=== Entries provided ===
▬▬▬▬▬▬

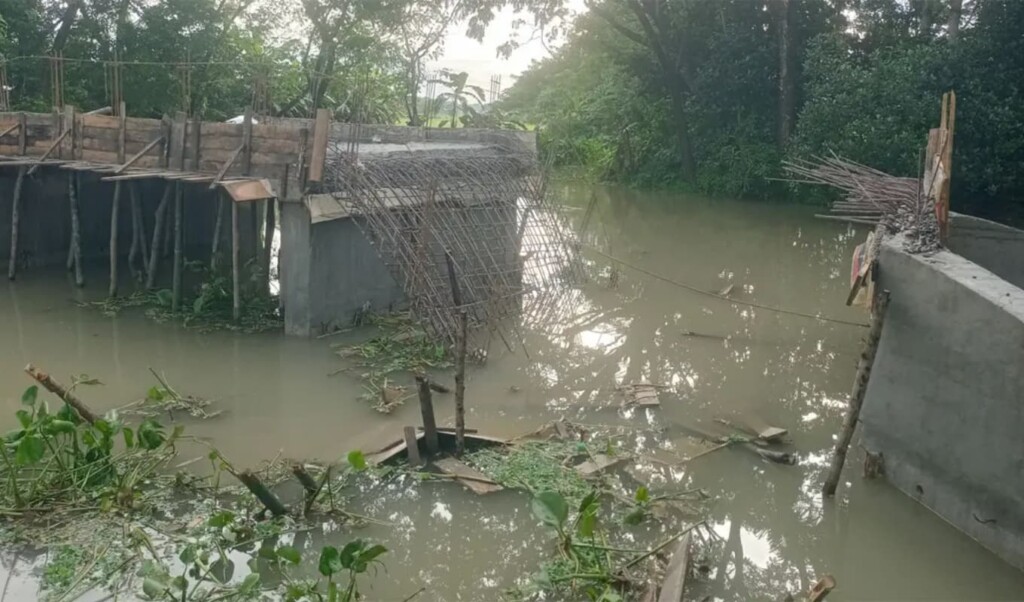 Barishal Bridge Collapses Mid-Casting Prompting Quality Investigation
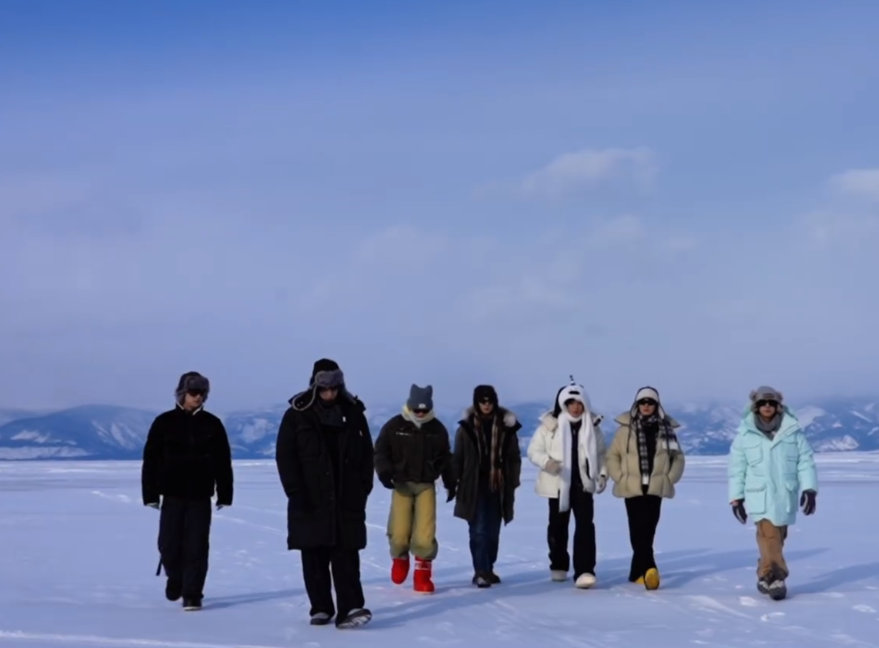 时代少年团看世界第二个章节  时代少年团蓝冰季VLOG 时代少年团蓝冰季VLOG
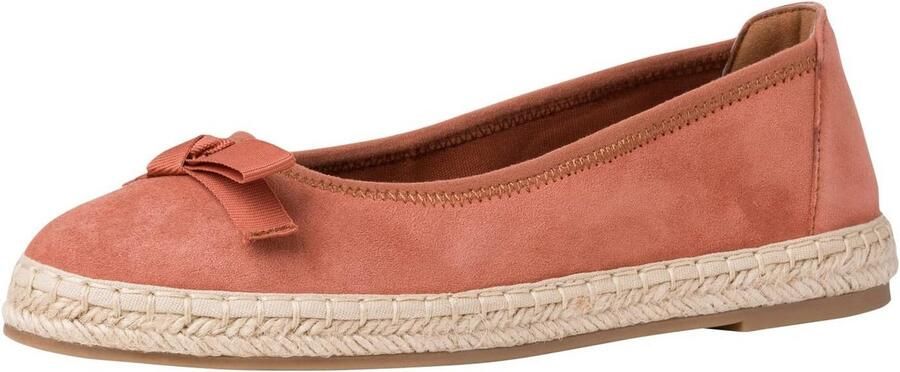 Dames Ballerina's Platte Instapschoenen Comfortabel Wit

▬▬▬▬▬▬

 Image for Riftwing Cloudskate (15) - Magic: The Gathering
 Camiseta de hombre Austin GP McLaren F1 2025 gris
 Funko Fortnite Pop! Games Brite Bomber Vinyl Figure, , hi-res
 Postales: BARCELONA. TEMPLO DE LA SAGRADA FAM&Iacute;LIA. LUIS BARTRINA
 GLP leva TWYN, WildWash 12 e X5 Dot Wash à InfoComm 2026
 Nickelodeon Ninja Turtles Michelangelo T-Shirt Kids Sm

▬▬▬▬▬▬

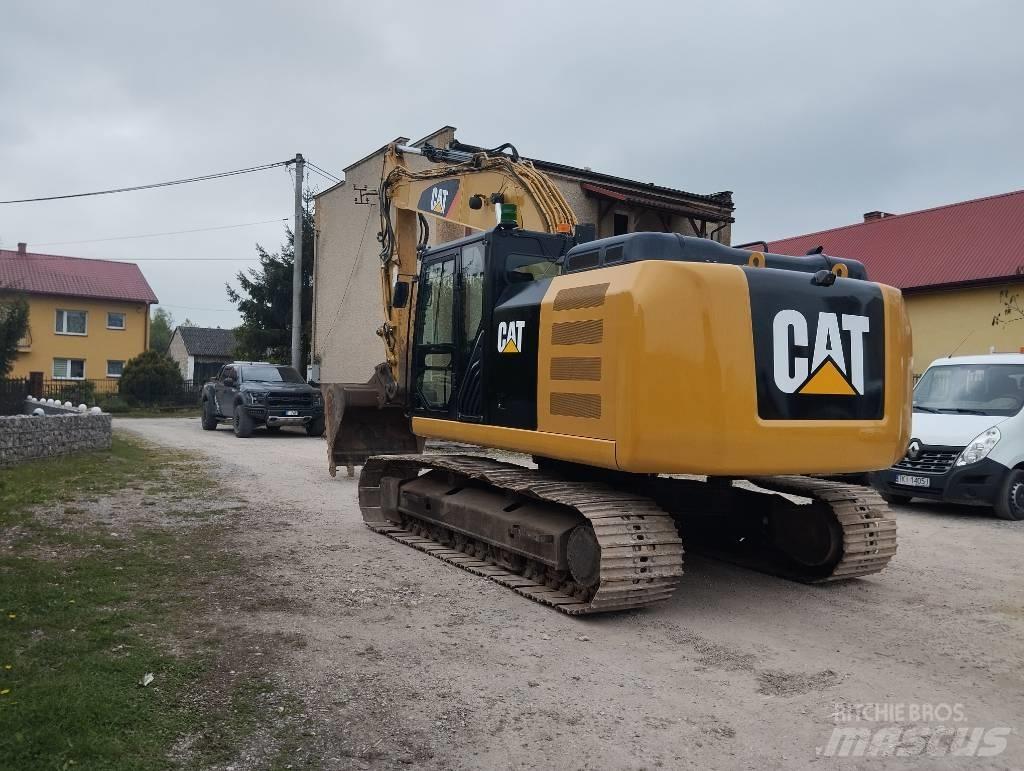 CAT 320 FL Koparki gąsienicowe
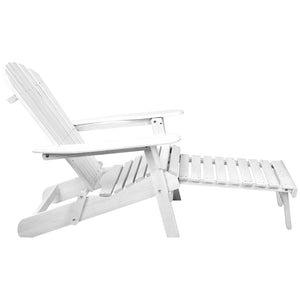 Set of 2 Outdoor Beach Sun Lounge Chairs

▬▬▬▬▬▬

=== About this task ===
Word for word, repeat the lines above from the one with "CAT 320 FL Koparki gąsienicowe" through the one with "Set of 2 Outdoor Beach Sun Lounge Chairs", and nothing beyond them. Omit the pictures.

=== Result for this task ===
 CAT 320 FL Koparki gąsienicowe
 Set of 2 Outdoor Beach Sun Lounge Chairs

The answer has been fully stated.